> Stored data

########

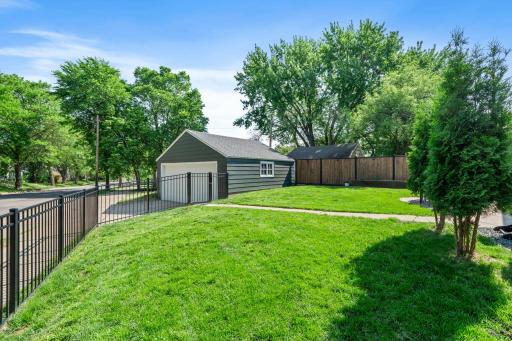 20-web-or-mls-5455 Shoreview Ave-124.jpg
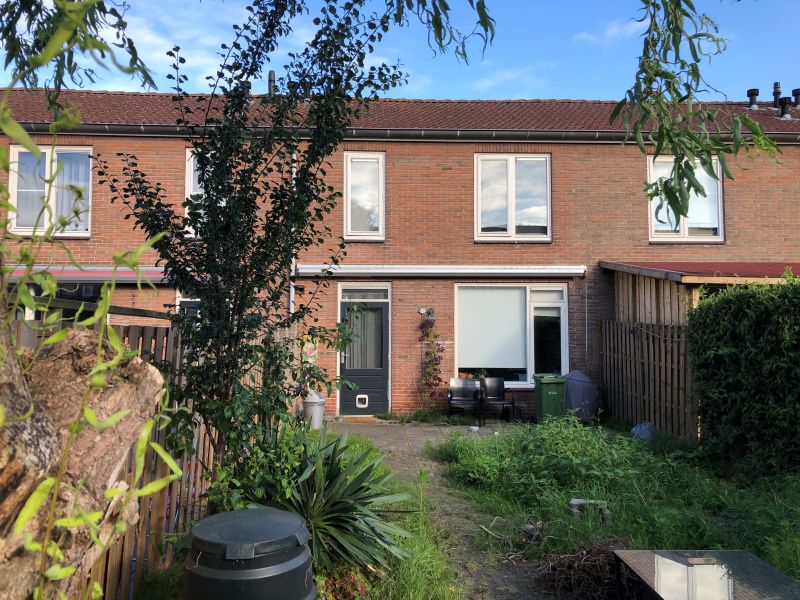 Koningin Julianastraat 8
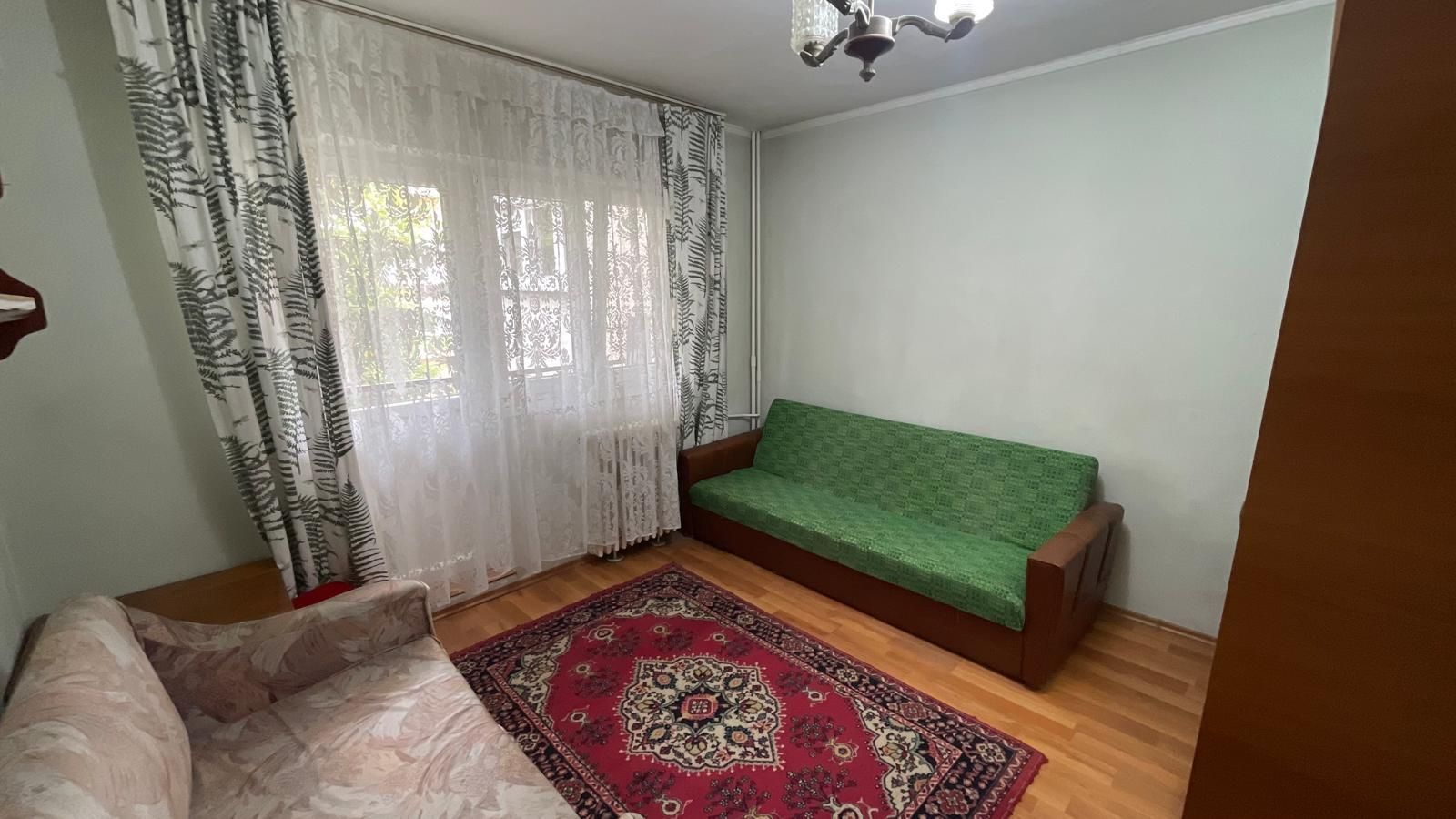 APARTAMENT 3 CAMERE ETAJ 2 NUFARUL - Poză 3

########

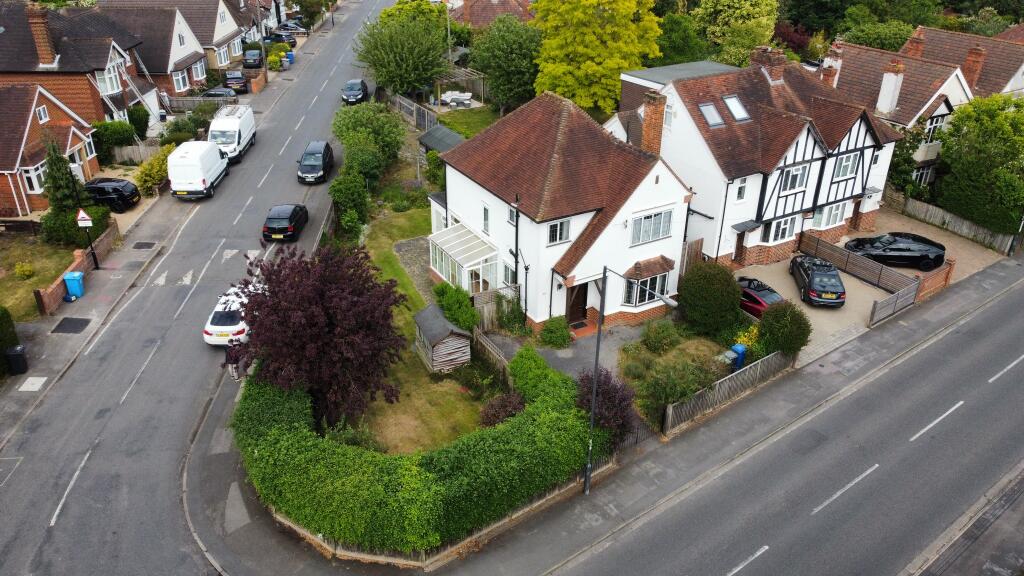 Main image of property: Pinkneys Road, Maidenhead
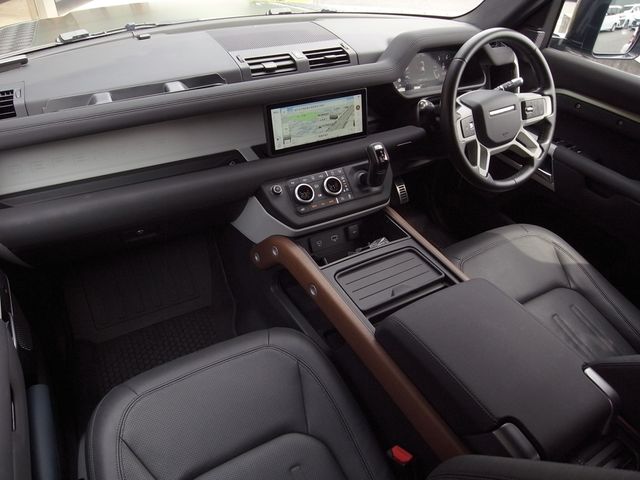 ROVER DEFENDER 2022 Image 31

########

> Task directions
Starting at the line with "20-web-or-mls-5455 Shoreview Ave-124.jpg" and finishing at the line with "APARTAMENT 3 CAMERE ETAJ 2 NUFARUL - Poză 3", copy the material above exactly, both lines included. Nothing else goes in, and no pictures.

> Completed exercise
 20-web-or-mls-5455 Shoreview Ave-124.jpg
 Koningin Julianastraat 8
 APARTAMENT 3 CAMERE ETAJ 2 NUFARUL - Poză 3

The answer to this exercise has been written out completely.